Project Overview
Mardom-e No is Zanjan province's first private regional daily — a broadsheet covering local politics, economics, culture, and social affairs for a general audience. The role covered the full editorial design and pre-press pipeline: daily layout from raw content to print-ready files, managing both full-colour issues and hybrid colour/B&W print workflows.
The work demanded speed, consistency, and editorial judgment — producing eight pages to press deadline every day, across four years and thousands of issues, while maintaining a coherent Persian typographic identity throughout.
Scope of Work
The role was not a single design project but an ongoing production responsibility — daily layout across every section of the paper, from breaking news front pages to weekly cultural features, interviews, and classified-heavy inside pages.
Front Pages
The front page sets the editorial register for each issue — lead headline scale, photo selection, and story hierarchy all resolved simultaneously to deadline.
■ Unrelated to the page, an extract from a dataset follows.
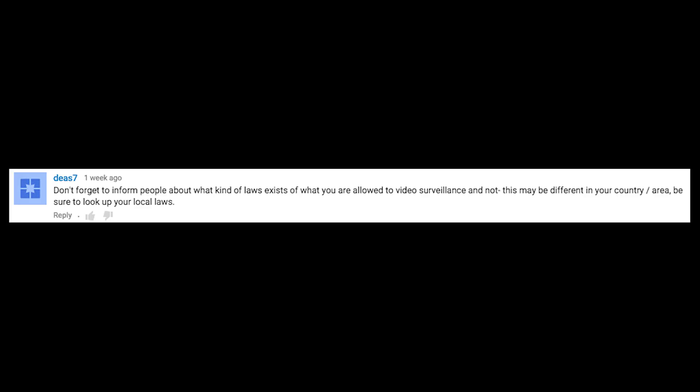One comment says: 'Don't forget to inform people about what kind of laws exist and what you're allowed to video surveillance and not. This may be different in your country or area, but be sure to look up your local laws.' Couldn't have said it better myself.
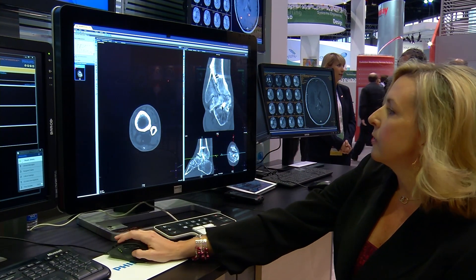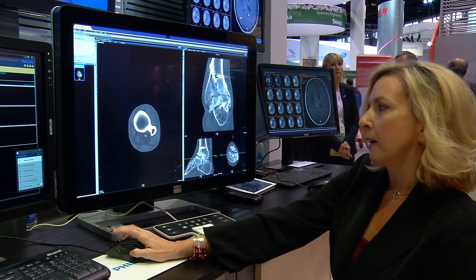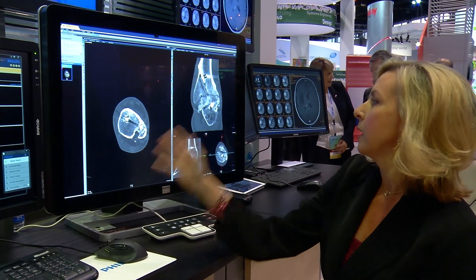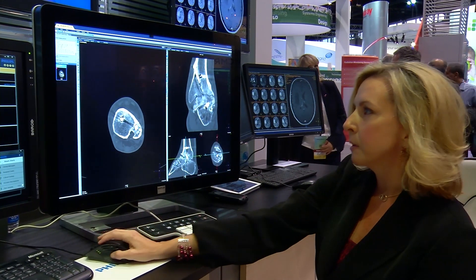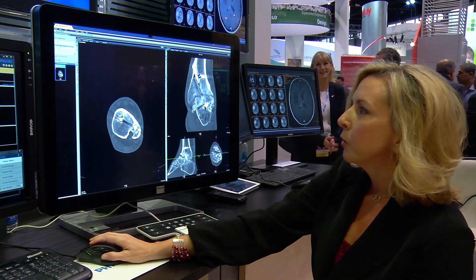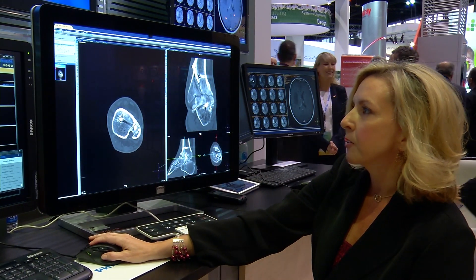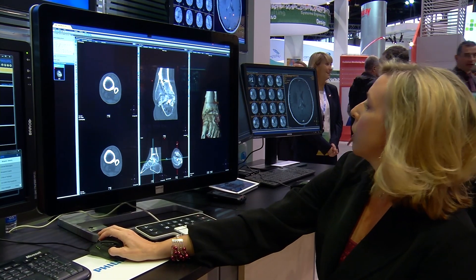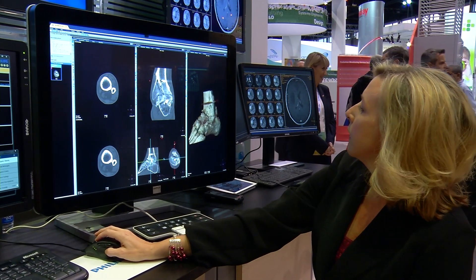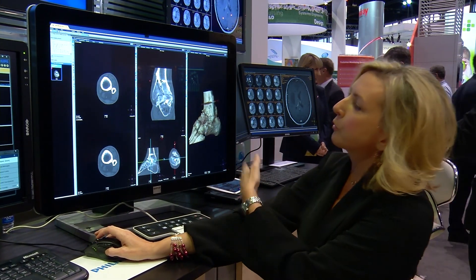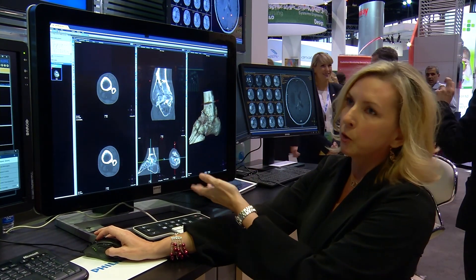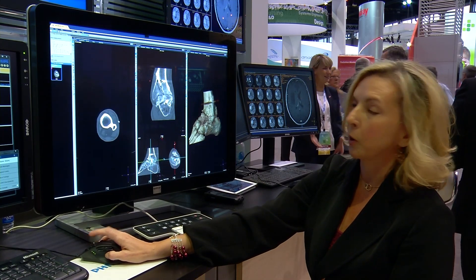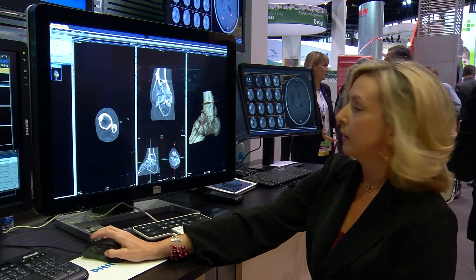In addition to still having your source images and reference images, you can also have customized hanging protocols that give you a 3D view, your MPRs, and your source images all in one spot.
Full-colour print on the front, structured around the Mardom-e No masthead.
↑ Front pages — issues 4645 and 4668 · full-colour broadsheet · Mardom-e No
Cultural Spreads
The weekly culture and arts page (فرهنگ و هنر — Farhang va Honar) carried fiction, literary criticism, poetry, film reviews, and local arts coverage. The challenge was to give editorial depth to text-heavy content while integrating photography and illustration within a strict column grid.
↑ Page 5 — Cultural spreads, issues 4712, 4776, 4781 · B&W print · Mardom-e No
↑ Cultural page issue 4786 + interview feature page issue 4068 · Mardom-e No
Production Context
Regional daily newspaper production in Iran operates under specific constraints: right-to-left text flow, Arabic-script typeface systems, and print workflows that must balance full-colour front pages with lower-cost B&W interior sections. The pre-press process required CMYK-correct files for the cover and spot-colour or grayscale for interior pages — managed within the same daily production cycle.
Four years of daily production builds a different kind of design fluency than project-based work — the ability to solve layout problems quickly, hold a visual system under pressure, and make editorial decisions with incomplete information to an immovable deadline.